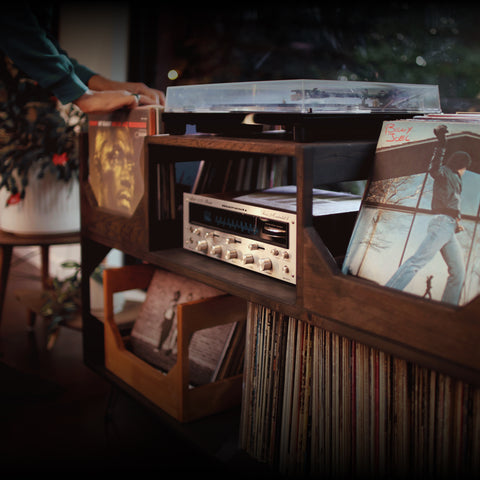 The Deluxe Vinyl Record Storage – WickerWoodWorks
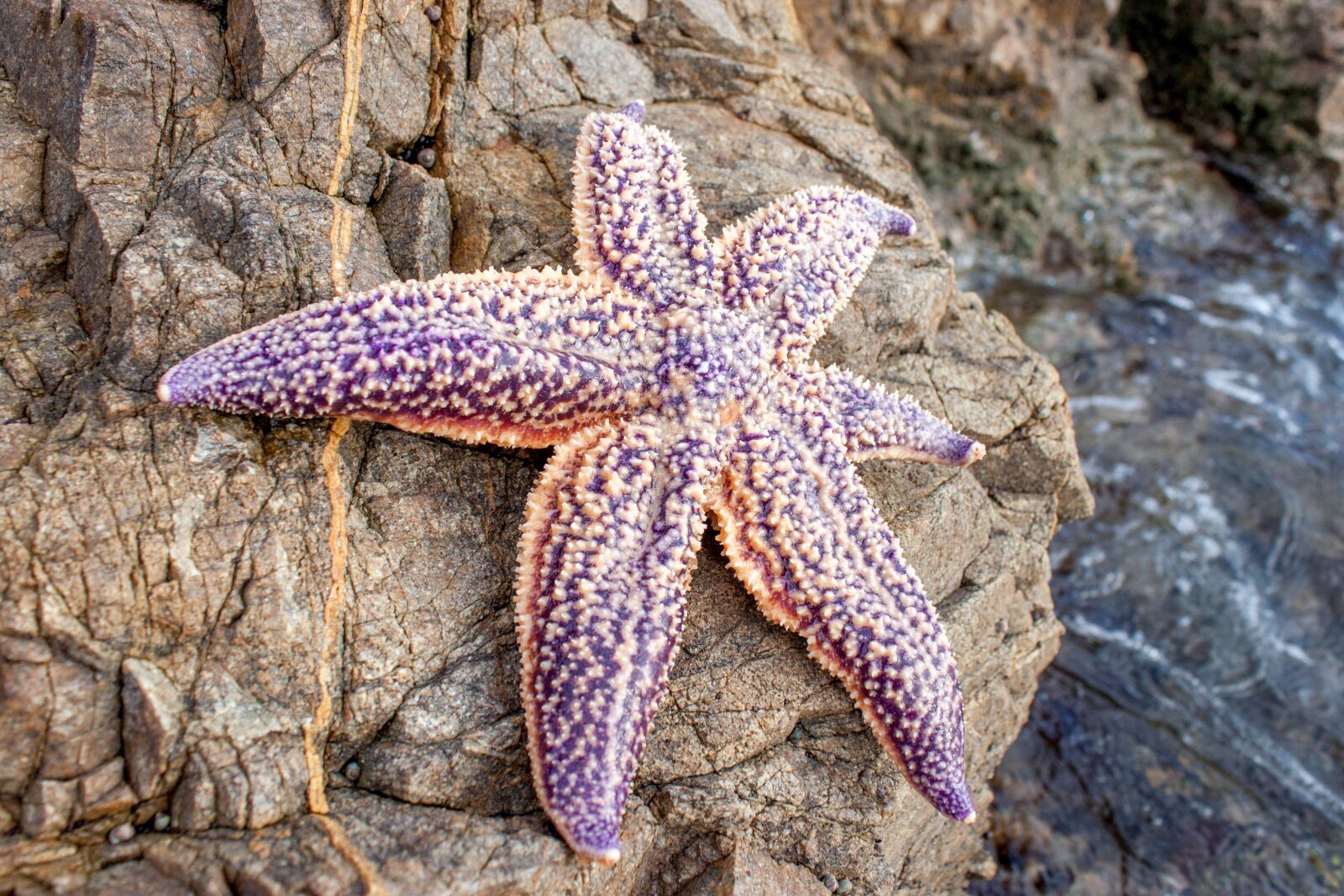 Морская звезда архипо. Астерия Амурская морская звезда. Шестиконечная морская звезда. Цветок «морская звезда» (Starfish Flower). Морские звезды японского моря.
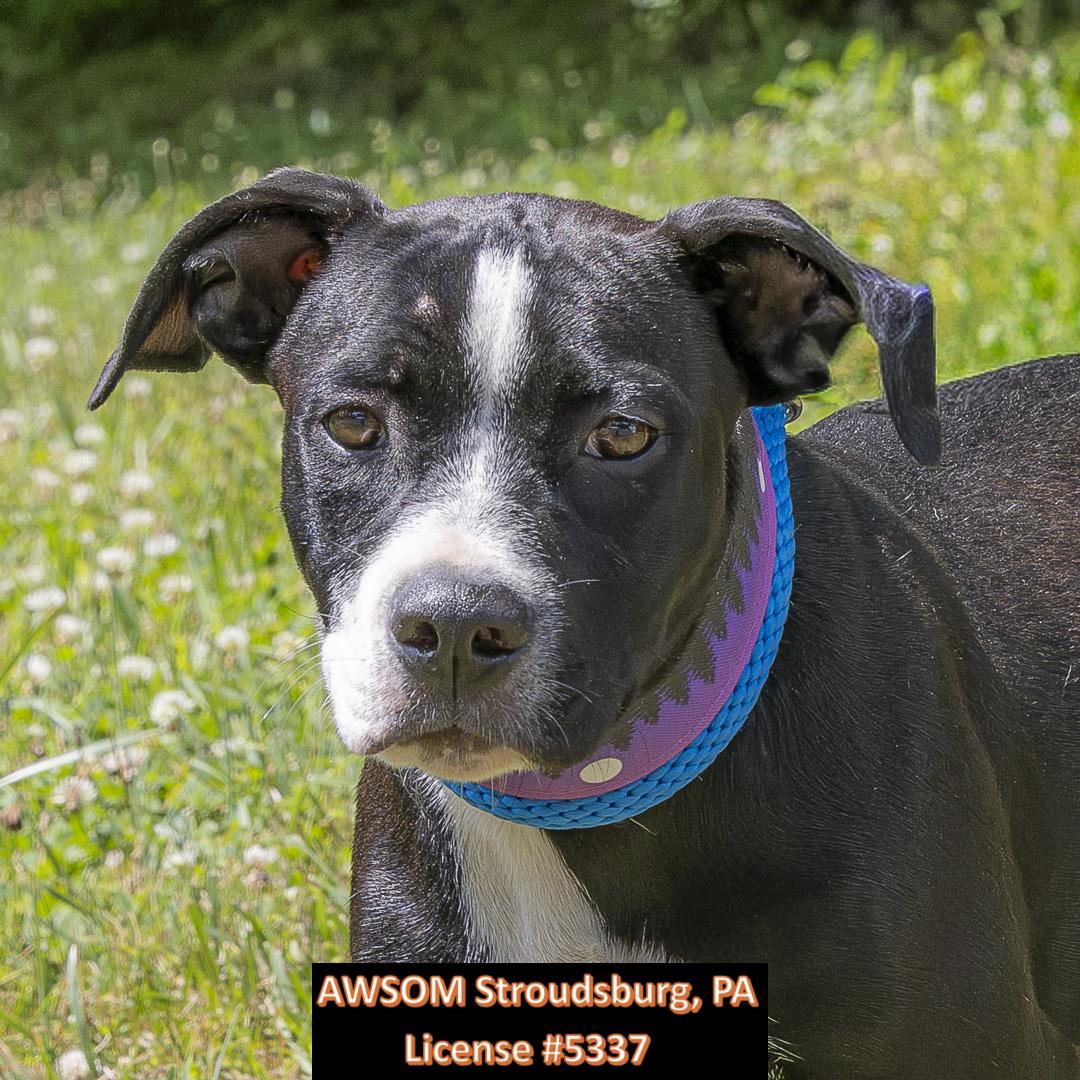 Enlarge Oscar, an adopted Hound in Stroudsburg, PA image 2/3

====

Aim of the task:
Reproduce exactly the lines from the beginning of the material down to the line containing "Морская звезда архипо.", both ends included, but not the pictures or anything after.

Exercise response:
 The Deluxe Vinyl Record Storage – WickerWoodWorks
 Морская звезда архипо. Астерия Амурская морская звезда. Шестиконечная морская звезда. Цветок «морская звезда» (Starfish Flower). Морские звезды японского моря.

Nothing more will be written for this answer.